The conformity of Social Democracy to the ideology of progress, and not least
technological progress, meant that it was unable to grasp the dynamic of
fascism and unable to critique capitalism effectively. The detachment of Social
Democracy from recognising the destructive side of technology, was, as Benjamin
argued in the essay ‘Edward Fuchs, Collector and Historian’ (1937) (2003: 349−386), due to an alienation from the
destructive side of the dialectic (2003: 358). The ‘movement with the current’
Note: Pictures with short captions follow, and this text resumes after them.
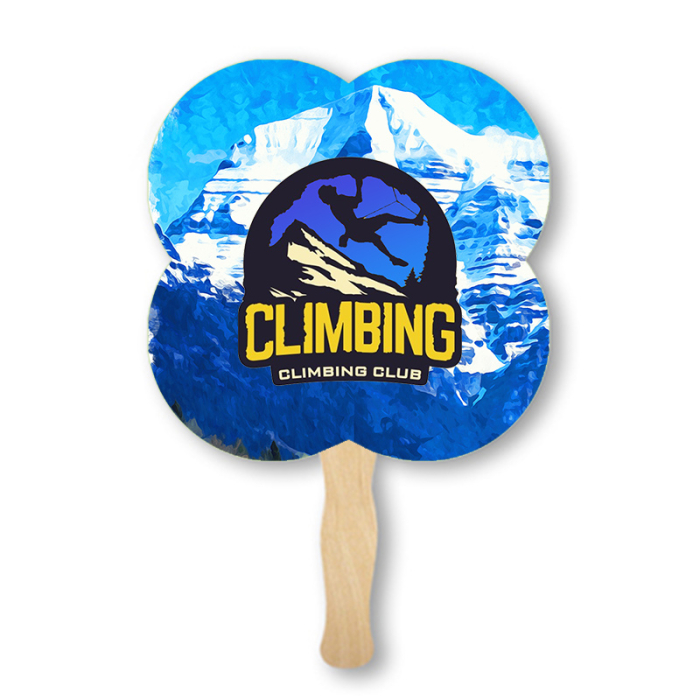 Customized Clover Shape Two Sided Single Paper Hand Fans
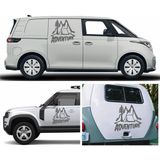 Sticker Usta Kamp Çadır Dağ Orman 4x4 Offroad Adventure Sticker Araba Oto Karavan Etiket 02167 - 80x75 Cm - Gri
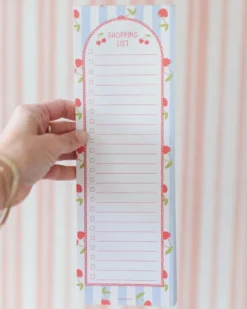 Cherry Stripe Shopping List Notepad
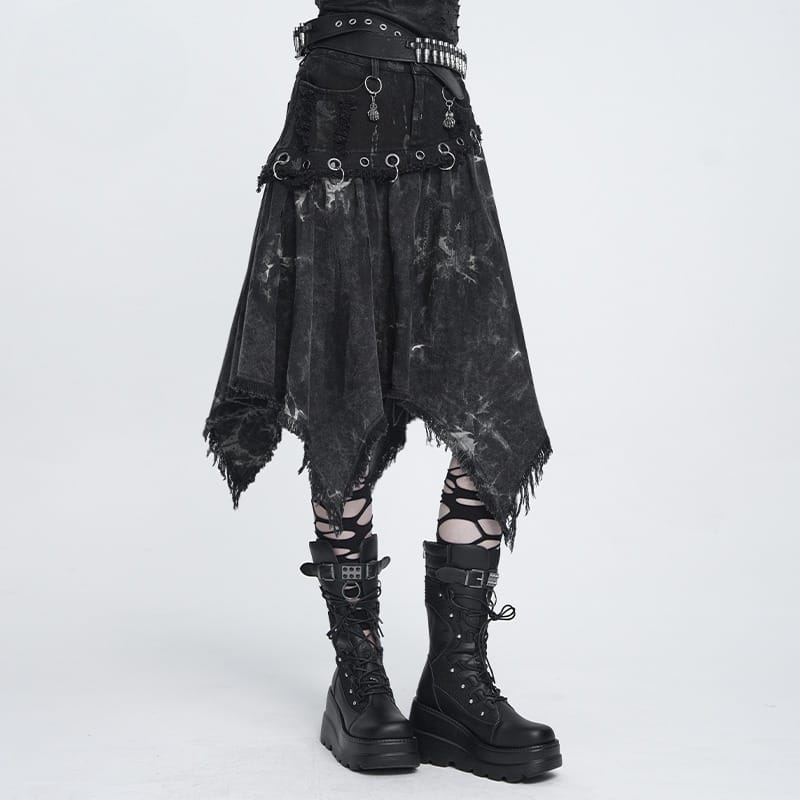DEVIL FASHION Women's Punk Eyelets Rings Raw Edge Irregular Hem Skirt
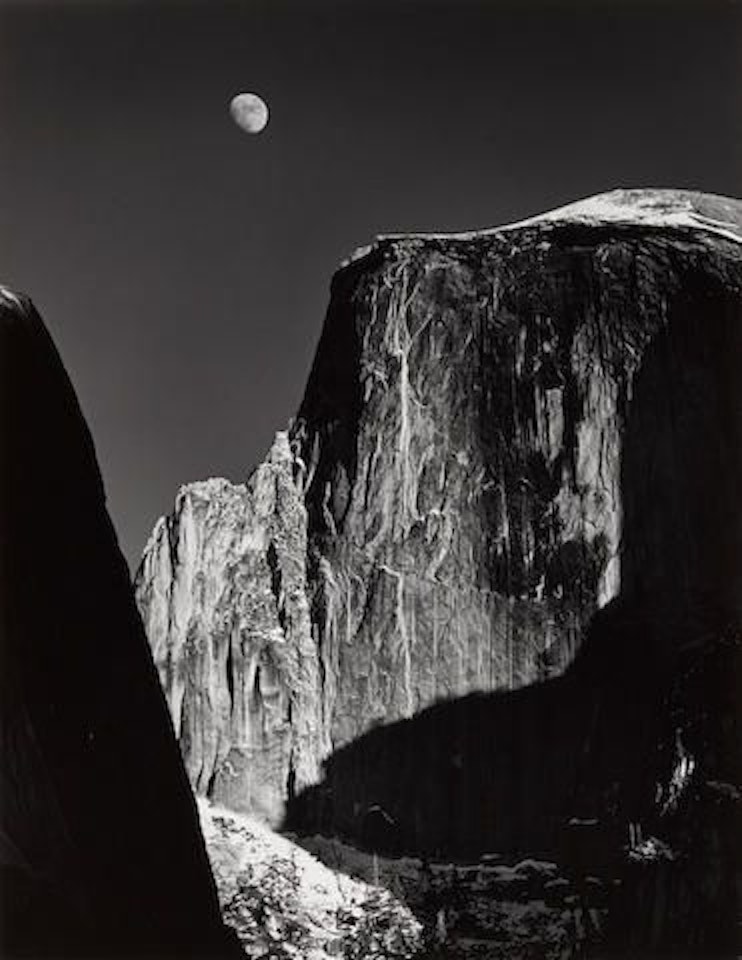 Moon and Half Dome, Yosemite National Park, Yosemite by Ansel Adams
is a movement that replicates the faith in the productive forces, while denying
that these are also destructive forces.
The reply to Jameson might be, to borrow another familiar image from the
theses, that stopping the clock is not
turning back the clock.
Here I want to place Benjamin’s
thought-image in a deeper context of the thinking of temporality and
interruption that can be traced across his work. My account is by no means
exhaustive, but rather selects and traces certain moments of interruption
across his corpus. I want to suggest that Jameson’s style of critique misfires,
as Benjamin’s thinking of interruption engages with ‘material conditions’ to
explode them, in a way which does not replicate capitalist dynamics of
production. These forms of interruption certainly modulate across Benjamin’s
thinking, but they suggest an engagement with the present, rather than the
‘nostalgic’ image that Jameson portrays – Benjamin as historian of destruction,
or the ‘Sebald option’. In this conception only one side of Benjamin’s
conception of history remains, that of it as the ‘negative totality’ of
catastrophe, as the ‘pile of wreckage’ (McGettigan 2009: 26). I want to probe
another side – a critical politics of temporality (McGettigan 2009).
Benjamin’s
modelling and critique of the temporal forms of progress was present, as
Michael Löwy notes, in Benjamin’s early essay ‘The Life of Students’ (1914).
There Benjamin wrote:
There
is a view of history that puts its faith in the infinite extent of time and
this concerns itself only with the speed, or lack of it, with which people and
epochs advance along the path [or, we could add rails] of progress. (in Löwy,
2005: 6)
From
the very beginning Benjamin ‘tracks’ [forgive the pun] a critical politics of
temporality that stands against the unfolding or advancement of progress that
is premised on infinite extension.
This ‘infinite extension’ has to be,
in the early work, interrupted or disrupted by a thinking of the ‘absolute’. In
these early texts, as Howard Caygill has indicated (Caygill 1998), Benjamin
takes-up a thinking of the ‘absolute’ within and against the neo-Kantian
moment. Tracking Kant’s strictures on the conditions of experience, Benjamin
also pushes at the limits of Kant to consider an absolutisation of experience.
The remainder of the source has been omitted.